Des conditions salariales dénoncées

Depuis un mois, la grogne monte parmi cette profession, aussi essentielle qu'elle est inconnue du grand public. Une première mobilisation, en dehors de tout syndicat, s'est tenue la semaine dernière avec des rassemblements partout en France. 250 greffiers et leurs soutiens se sont mobilisés à Lyon, entre 150 et 200 devant le tribunal judiciaire de Paris ou une centaine à Marseille. Sur leurs pancartes, on pouvait notamment lire "Les calculs sont pas bons", ou "Face au mépris la colère".

À l'origine de cette contestation, une grille salariale que les greffiers considèrent à leur désavantage. Un greffier débutant gagne en moyenne 1.700 euros brut. À la fin de sa carrière, il termine avec 2.500 euros brut. Le projet de grille de revalorisation de leur salaire permettrait de "gagner des points", donc d'être augmenté, mais leur ferait perdre des années d'ancienneté.

"Dans la justice, plus l'enveloppe augmente, moins le service judiciaire en bénéficie", s'agace Magali Hermier, faisant référence à l'examen par l'Assemblée nationale du projet de loi ce lundi qui prévoit 11 milliards d'euros pour le budget de la justice en 2027.

Le rôle primordial des greffiers

Pendant les procès, ce sont les greffiers, dans une position de neutralité, qui notent tout ce qui est dit, par les magistrats, avocats ou prévenus, et tout ce qui est décidé. En leur absence, une audience ne peut se tenir. Ils vérifient la conformité des peines prononcées. Avant l'audience, ce sont eux qui sont en charge des convocations et de ce qu'on appelle la mise en état d'un dossier, c'est-à-dire faire en sorte que le dossier puisse être jugé.

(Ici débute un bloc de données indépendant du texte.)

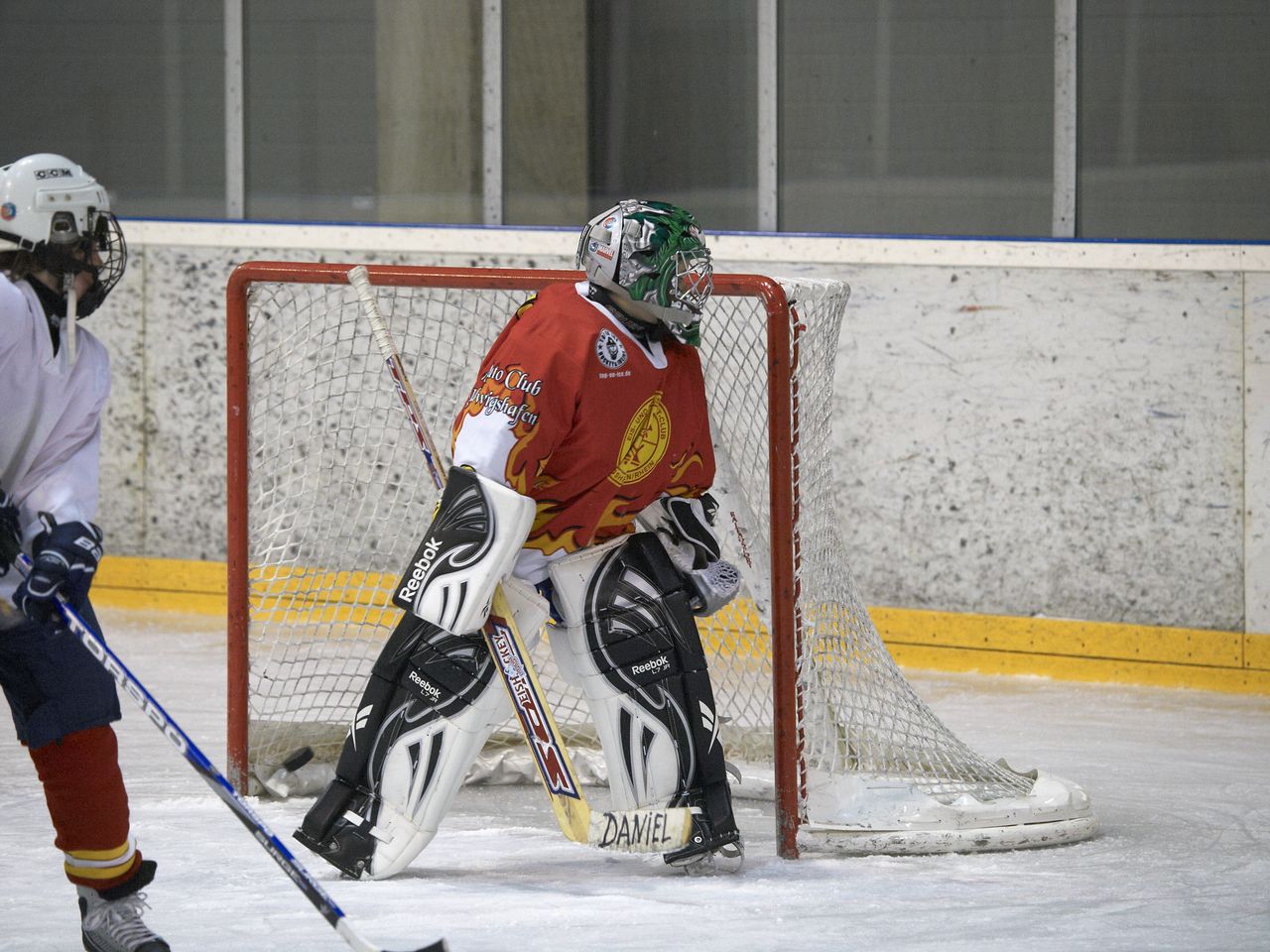 Turnier 23 10 2011  97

Après l'audience, ils enregistrent les condamnations, réalisent les pièces d'exécution, comme les mandats de dépôt par exemple. "Si on ne le fait pas, ce qui est dit n'est pas exécuté", insiste Magali Hermier.

"Nous sommes des techniciens de la procédure, notre métier est important, c'est le code de procédure pénale qui le dit, on a des responsabilités, on travaille sans se plaindre, malgré nos conditions de travail dégradées, et on nous dit qu'on ne vaut rien", poursuit la greffière bordelaise.

Ce lundi matin, le procès du président de la Métropole européenne de Lille, Damien Castelain, notamment pour recel d'abus de confiance en marge de la construction du Grand Stade, a été renvoyé en raison de l'absence de greffier, en grève. Ce pourrait être le cas pour d'autres audiences. Le tribunal de Bobigny tente de contourner ce mouvement alors que "beaucoup" d'affaires en lien avec les émeutes seront jugées mardi.

Après cette journée de mobilisation, le mouvement pourrait toutefois se poursuivre.